RECORDS FOR THE EXERCISE
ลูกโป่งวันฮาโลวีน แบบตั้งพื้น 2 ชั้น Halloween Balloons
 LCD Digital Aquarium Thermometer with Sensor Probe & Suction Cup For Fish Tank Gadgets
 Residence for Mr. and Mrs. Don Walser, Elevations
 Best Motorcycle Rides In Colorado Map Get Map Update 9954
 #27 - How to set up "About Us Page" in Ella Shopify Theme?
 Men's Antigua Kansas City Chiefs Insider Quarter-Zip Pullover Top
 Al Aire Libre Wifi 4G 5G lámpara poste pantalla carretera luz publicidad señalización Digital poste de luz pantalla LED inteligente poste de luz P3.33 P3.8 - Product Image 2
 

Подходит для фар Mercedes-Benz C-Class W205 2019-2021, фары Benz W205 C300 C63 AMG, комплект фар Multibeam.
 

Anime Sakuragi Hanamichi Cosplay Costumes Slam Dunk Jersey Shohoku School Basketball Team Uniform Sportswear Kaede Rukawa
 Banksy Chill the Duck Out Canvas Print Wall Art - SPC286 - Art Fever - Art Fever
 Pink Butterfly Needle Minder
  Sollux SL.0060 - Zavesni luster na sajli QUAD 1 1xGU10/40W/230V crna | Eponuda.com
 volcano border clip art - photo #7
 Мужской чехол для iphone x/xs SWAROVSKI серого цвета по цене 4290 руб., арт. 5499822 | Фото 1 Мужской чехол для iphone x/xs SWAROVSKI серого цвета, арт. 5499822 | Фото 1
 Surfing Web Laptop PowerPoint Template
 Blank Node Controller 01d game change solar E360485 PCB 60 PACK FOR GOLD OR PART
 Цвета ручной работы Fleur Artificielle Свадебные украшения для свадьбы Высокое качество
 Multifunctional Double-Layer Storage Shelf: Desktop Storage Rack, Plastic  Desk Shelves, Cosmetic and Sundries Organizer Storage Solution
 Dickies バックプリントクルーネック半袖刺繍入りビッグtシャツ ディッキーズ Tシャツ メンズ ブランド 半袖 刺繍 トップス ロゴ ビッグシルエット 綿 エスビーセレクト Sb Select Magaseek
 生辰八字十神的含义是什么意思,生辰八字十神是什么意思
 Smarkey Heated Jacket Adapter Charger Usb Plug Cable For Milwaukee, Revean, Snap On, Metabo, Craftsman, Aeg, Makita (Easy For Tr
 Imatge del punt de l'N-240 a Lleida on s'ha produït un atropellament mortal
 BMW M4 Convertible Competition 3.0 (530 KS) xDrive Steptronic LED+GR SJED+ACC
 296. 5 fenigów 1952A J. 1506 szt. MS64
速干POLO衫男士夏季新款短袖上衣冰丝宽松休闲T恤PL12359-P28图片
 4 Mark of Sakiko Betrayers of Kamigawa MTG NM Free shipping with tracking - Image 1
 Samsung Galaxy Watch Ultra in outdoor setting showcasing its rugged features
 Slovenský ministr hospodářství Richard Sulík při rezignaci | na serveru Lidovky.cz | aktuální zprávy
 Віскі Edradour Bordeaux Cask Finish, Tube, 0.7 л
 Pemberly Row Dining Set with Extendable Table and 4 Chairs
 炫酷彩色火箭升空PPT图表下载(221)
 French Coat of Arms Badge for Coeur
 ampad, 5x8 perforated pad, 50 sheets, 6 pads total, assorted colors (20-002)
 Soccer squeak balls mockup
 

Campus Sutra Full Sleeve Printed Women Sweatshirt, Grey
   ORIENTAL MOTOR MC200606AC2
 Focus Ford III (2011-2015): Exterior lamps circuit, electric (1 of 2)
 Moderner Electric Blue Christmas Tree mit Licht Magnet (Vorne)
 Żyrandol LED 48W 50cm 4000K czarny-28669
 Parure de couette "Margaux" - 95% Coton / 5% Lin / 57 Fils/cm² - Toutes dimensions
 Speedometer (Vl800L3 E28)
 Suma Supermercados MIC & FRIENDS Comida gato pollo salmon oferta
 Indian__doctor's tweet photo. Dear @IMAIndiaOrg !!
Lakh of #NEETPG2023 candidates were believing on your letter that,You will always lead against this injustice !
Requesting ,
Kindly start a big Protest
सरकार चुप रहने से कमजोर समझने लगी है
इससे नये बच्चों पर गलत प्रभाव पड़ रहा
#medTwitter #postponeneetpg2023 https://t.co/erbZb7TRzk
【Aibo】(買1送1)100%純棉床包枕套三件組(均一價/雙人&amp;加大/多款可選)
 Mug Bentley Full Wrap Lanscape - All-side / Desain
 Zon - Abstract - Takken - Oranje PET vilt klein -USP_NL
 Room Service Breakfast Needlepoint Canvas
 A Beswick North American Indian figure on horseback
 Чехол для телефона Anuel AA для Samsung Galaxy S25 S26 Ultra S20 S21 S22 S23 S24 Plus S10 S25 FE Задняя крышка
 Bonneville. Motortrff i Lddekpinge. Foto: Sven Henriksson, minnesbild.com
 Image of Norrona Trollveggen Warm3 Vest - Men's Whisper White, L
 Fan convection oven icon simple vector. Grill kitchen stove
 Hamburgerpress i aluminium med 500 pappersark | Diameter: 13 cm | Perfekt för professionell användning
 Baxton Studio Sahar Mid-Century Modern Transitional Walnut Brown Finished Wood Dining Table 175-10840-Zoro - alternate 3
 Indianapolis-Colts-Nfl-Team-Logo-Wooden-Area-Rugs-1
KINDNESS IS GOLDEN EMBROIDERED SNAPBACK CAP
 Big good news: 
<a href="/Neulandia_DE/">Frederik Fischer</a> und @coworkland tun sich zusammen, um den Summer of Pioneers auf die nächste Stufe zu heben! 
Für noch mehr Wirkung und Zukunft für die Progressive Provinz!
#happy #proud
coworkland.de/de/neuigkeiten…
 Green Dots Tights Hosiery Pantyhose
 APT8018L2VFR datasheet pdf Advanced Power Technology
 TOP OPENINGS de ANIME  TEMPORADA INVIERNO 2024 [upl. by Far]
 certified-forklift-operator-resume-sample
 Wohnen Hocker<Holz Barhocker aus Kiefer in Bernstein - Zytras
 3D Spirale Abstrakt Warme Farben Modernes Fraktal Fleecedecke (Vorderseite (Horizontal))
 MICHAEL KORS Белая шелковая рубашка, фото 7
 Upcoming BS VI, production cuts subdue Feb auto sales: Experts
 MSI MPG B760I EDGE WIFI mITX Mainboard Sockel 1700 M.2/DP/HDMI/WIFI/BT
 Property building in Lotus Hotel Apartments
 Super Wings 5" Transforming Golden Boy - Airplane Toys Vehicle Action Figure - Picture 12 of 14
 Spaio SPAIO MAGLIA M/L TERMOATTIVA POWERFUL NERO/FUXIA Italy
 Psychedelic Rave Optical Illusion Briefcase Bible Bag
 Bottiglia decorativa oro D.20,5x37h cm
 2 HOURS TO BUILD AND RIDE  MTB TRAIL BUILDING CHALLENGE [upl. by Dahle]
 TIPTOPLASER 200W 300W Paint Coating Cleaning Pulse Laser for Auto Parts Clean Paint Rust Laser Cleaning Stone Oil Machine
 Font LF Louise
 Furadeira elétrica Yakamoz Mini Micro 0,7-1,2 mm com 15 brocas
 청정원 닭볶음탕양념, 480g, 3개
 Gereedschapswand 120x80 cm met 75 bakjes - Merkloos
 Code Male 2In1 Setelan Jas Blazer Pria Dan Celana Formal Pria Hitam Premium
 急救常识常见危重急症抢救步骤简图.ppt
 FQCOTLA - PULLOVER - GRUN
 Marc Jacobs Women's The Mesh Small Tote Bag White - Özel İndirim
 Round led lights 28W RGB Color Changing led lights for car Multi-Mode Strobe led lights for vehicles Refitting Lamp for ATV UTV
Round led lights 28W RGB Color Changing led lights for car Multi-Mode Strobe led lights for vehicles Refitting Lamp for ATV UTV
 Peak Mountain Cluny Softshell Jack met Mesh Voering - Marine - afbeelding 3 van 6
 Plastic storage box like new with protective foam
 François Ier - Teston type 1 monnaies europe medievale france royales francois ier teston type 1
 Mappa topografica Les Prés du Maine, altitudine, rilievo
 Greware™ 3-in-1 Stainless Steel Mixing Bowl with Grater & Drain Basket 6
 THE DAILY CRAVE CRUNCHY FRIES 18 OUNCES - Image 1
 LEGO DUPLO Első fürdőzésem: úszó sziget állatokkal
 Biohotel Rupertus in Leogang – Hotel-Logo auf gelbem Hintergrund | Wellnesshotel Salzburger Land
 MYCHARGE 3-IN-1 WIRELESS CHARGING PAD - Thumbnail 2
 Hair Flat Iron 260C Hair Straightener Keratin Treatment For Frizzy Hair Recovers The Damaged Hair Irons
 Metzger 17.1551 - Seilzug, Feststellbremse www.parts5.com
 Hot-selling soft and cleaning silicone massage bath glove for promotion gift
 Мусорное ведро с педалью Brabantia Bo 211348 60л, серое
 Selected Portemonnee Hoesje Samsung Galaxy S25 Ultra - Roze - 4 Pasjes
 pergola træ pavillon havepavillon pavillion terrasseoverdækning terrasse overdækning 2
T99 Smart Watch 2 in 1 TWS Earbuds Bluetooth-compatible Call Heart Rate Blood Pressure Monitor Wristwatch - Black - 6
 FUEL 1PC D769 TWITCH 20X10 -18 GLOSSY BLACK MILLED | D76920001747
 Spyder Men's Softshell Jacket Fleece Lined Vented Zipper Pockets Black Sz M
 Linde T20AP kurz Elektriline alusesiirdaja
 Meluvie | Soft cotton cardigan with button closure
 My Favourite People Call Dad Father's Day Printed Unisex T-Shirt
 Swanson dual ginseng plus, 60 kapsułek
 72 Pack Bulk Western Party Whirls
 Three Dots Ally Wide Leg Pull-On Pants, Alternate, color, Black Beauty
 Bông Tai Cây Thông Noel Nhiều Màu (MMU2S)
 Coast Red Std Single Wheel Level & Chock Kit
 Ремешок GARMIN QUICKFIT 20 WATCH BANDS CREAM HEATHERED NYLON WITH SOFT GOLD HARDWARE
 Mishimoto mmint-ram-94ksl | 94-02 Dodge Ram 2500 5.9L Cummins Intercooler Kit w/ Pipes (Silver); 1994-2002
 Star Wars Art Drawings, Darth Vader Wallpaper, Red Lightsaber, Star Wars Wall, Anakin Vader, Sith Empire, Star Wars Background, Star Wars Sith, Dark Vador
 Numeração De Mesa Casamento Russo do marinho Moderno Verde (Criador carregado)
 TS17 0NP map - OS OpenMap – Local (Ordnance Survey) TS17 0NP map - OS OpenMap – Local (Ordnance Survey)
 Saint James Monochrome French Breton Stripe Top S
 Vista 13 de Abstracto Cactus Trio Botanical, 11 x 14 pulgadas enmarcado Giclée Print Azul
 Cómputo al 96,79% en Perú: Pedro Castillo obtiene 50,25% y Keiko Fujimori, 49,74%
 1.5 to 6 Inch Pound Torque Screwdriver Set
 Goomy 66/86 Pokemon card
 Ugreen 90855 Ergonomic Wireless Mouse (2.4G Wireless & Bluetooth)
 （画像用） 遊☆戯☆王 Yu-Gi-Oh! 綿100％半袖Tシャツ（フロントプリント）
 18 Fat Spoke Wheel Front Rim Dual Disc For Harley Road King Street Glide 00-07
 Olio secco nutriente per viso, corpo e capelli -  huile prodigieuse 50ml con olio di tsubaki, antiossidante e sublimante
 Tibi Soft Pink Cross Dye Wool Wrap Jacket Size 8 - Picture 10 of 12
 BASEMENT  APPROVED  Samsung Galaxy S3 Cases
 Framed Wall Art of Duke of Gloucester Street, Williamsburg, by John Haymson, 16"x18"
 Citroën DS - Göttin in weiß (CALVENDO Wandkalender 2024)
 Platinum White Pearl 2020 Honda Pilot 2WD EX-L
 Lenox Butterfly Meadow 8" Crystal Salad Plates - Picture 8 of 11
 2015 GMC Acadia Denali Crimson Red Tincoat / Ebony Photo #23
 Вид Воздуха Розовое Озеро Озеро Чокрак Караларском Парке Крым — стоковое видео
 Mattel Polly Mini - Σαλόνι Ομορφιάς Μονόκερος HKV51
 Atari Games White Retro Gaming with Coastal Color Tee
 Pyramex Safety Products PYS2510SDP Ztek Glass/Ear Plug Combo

PROBLEM
Find and copy each line of the data where "Samsung" is present.

RESPONSE BELOW
 Samsung Galaxy Watch Ultra in outdoor setting showcasing its rugged features
 Чехол для телефона Anuel AA для Samsung Galaxy S25 S26 Ultra S20 S21 S22 S23 S24 Plus S10 S25 FE Задняя крышка
 Selected Portemonnee Hoesje Samsung Galaxy S25 Ultra - Roze - 4 Pasjes
 BASEMENT  APPROVED  Samsung Galaxy S3 Cases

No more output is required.